Cut the challah into 1 inch cubes and allow them to sit out for 8 hours or overnight to stale and dry. After the bread has dried, put it in a greased 2 quart baking dish.

Next, add the milk, butter, syrup, and bourbon to a medium saucepan and heat on low until the butter melts, then stir in the chocolate, making sure it is thoroughly melted and mixed before removing the mixture from the heat. Allow the mixture to cool before whisking in the 3 eggs. Pour the mixture over the bread and stash in the fridge for at least 1 hour.

Remove the mixture from the fridge and allow it to come to room temp while you preheat your oven to 350. Top the mixture with the bacon pieces* before baking for 30-45 minutes or until the outside is set and the middle still has a little wobble. Serve warm with a scoop of ice cream.

*For even more flavor, top with bourbon maple glazed bacon.

Saturday, June 17, 2017

Scotch Sour


One of my goals in life is to know a few cocktails that I can whip out whenever company is over or I feel like a drink. I've always enjoyed sour cocktails, especially whiskey sours, but I was out of bourbon so I decided to try Scotch instead. It was delicious. I added a bit of my own flair by making a simple syrup with demerara sugar and created this simple, refreshing, easy drinking cocktail.


Ingredients:

Ice
1 part demerara simple syrup*
1 part fresh lemon juice
2 parts Scotch
Lemon peel (optional)
Maraschino cherry (optional)

Directions:

Fill the bottom of a cocktail shaker with ice and add your simple syrup, lemon juice, and Scotch. Shake for 10 seconds to thoroughly combine the ingredients and lightly aerate it. Strain it into an ice-filled lowball glass or tumbler or straight up (no ice) into a cocktail glass and garnish with a lemon peel and maraschino cherry.

Raise your glass, toast your friends, and enjoy!
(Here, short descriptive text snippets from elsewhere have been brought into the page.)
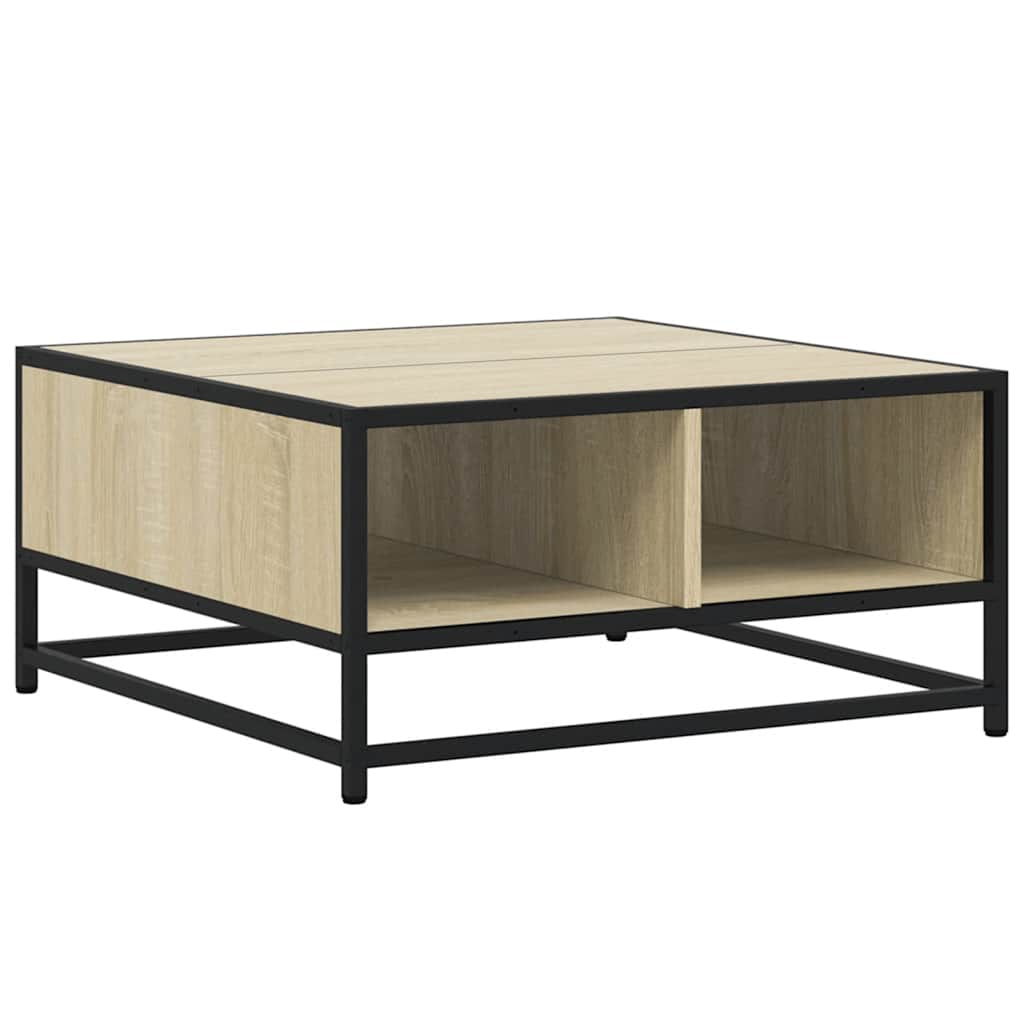 Tavolino Salotto Sonoma 60,5x60,5x30 cm in Truciolato e Metallo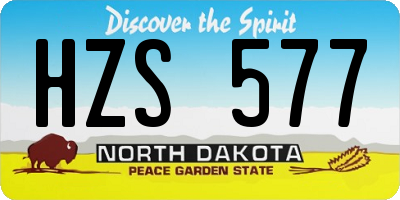 ND license plate HZS577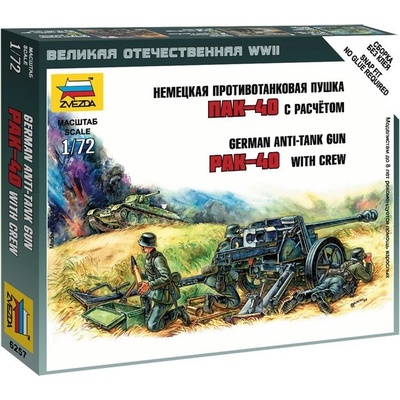 Zvezda Německý protitankový kanón PaK 40 s obsluhou 1:72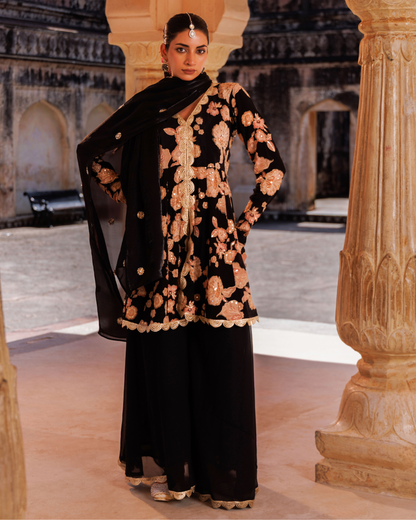 Black ,printed crepe embroidered sharara set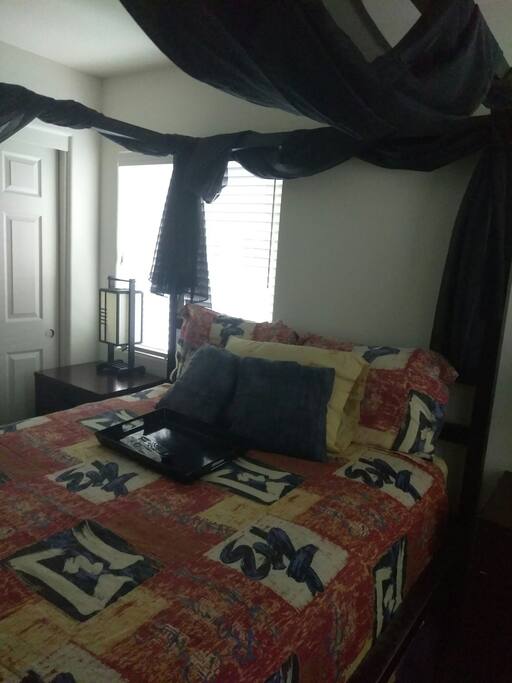 Queen size bed two nightstands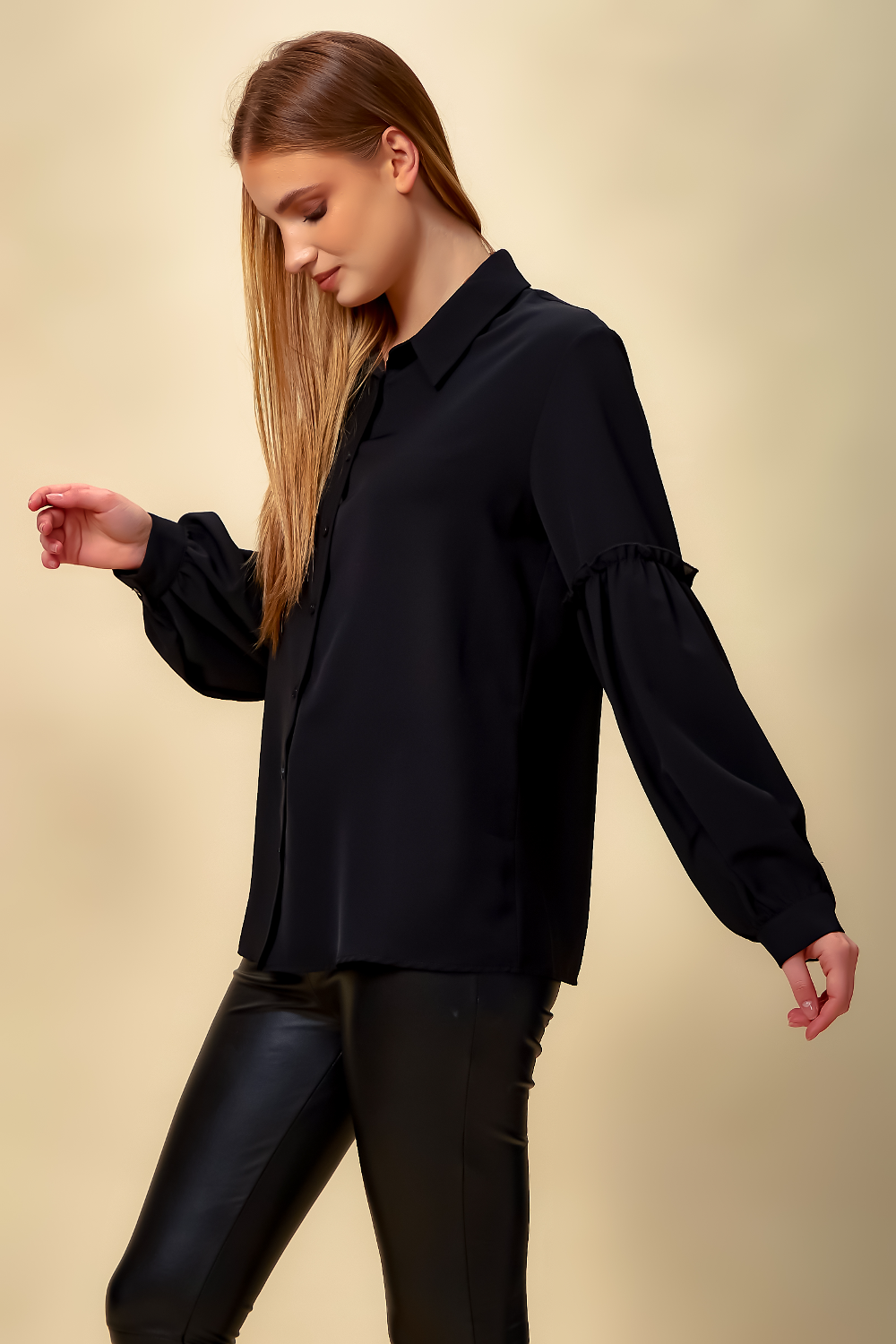 Patchwork Sleeves Shirt in Black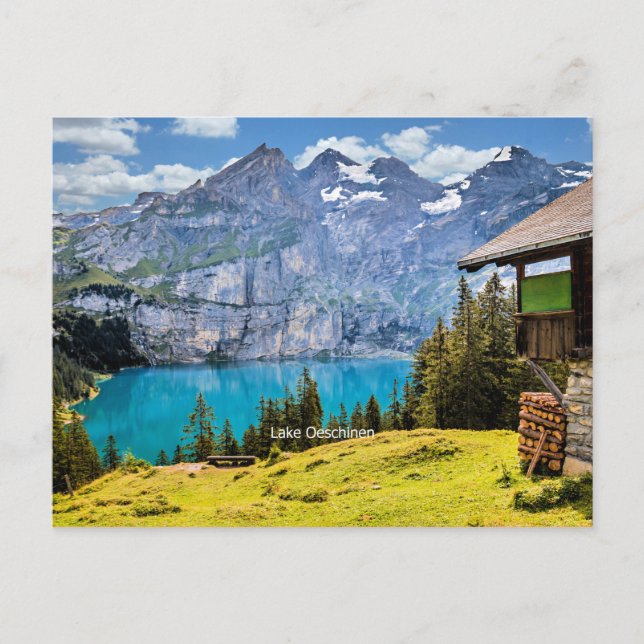 Carte Postale Photo pittoresque du lac Oeschinen (Devant)
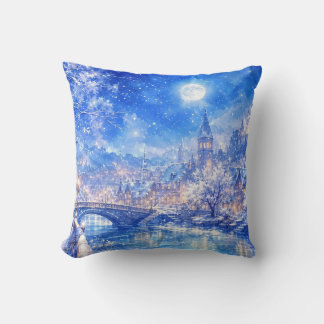 Moonlit Winter Village Throw Pillow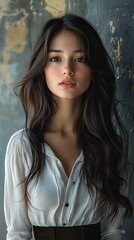 Fototapeta premium Woman with long dark hair, wearing a white blouse, standing against an aged, textured wall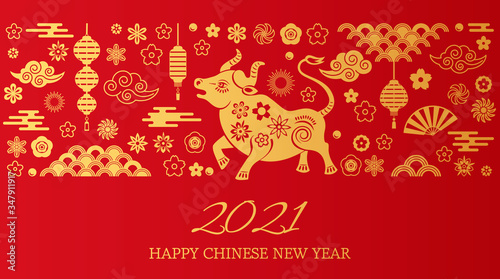Happy chinese new year. the white metal ox is a symbol of 2021, the Chinese New Year.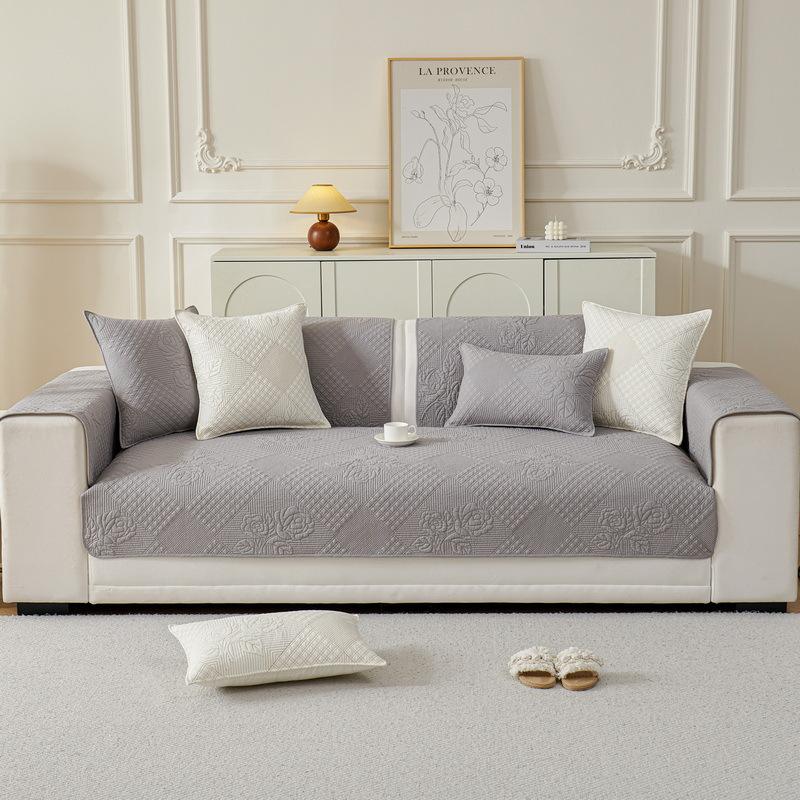 Solid Color Sofa Cushion Four Seasons Pure Cotton Non-Slip Couch Cushion Universal Modern Embroider Fabric Art Sofa Cover Cover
*Simple syrup is made by bringing equal parts water and sugar to a boil and stirring until the sugar is completely dissolved. Let it cool and store in a squirt bottle in the fridge for up to a month. Simple syrup is better than sugar in cocktails because it dissolves in cold water. I like demerara sugar in this application because it adds a great depth of flavor to cocktails.

Wednesday, June 14, 2017

Breakfast Burrito

So when I started my diet I wanted to make something that I could consistently make and eat without getting bored. That meant it needed to have meat, it needed to have cheese, and it needed to be packed with flavor. It also helps that I can prefab a lot of the pieces so it doesn't take much time in the morning.

Ingredients:

2 scrambled eggs
28 grams grated cheddar cheese
56 grams cooked turkey sausage
50 grams avocado
⅛ tsp red pepper flake
1 flour tortilla*

Directions:

Right after you finish cooking your scrambled eggs, using whatever method you prefer, sprinkle on the cheese and lay on the sausage. I like to do this while the eggs are still in the pan so the cheese gets nice and melted on top** and the sausage gets warmed through.

In a bowl, combine the avocado and the red pepper flake and use a fork to beat into a paste. Spread your paste on one quarter of your tortilla then lay on the eggs, cheese, and sausage. fold over the sides and one end and roll into a burrito.

Enjoy with a smoothie or some fresh orange juice.

*I love using flavored tortillas for this since it adds some nice color and it's an easy way to work some variety into a routine

**I don't recommend mixing the cheese into the eggs first because it's not much cheese and it can get lost. I prefer the layer of flavor on top. Also, mixing the cheese into the eggs makes the eggs much more liquidy and more likely to make a drippy mess all in your lap, or in my case, my beard.

Tuesday, June 6, 2017

Maple Old Fashioned

Recently I got to go on vacation and spent a few days with some friends having a blast in Vermont. While we were there, we went for a whisky tasting at Saxton River Distillery where they have amazing maple infused whiskeys and some great gin. I'd been wanting to use my bourbon maple syrup in a cocktail and I think I found a great match in this maple old fashioned.

Because this is a sweeter old fashioned it's not much of an aperitif (before dinner), I'd recommend it as a great after dinner cocktail.

Ingredients:

1 tsp bourbon maple syrup
4 dashes angostura bitters
2 oz maple bourbon
Ice
Maraschino cherry

Directions:

In a lowball glass combine the syrup, bitters, and bourbon and stir well. Add several large ice cubes and garnish with a maraschino cherry.

Sit back, relax, and enjoy!

Friday, June 2, 2017

Miso Ramen with Chashu

Here it finally is: my ramen recipe! One of the best things about ramen is how versatile it is. A basic broth with ramen noodles can host a whole bunch of toppings. I'll list out some of my favorites, but it is only a fraction of the whole world of toppings and condiments you can add.

Ingredients:

Base per serving:

2 cups dashi
1½ tbsp white miso
½ tbsp red miso
¼-½ cups of cooked ramen or soba noodles

Toppings:

Chashu
Marinated Tofu
Blanched bean sprouts
Corn
Sliced scallions
Soft boiled egg

Directions:

In a small sauce pan, stir the two flavors of miso into the dashi and bring to a simmer. Place your noodles into your soup bowl, layer on your prefered toppings, and pour on the hot broth. Let the soup sit for a minute to give everything time to heat up before enjoying.

This makes a really great build-your-own meal with plenty of toppings and a big pot of broth for everyone.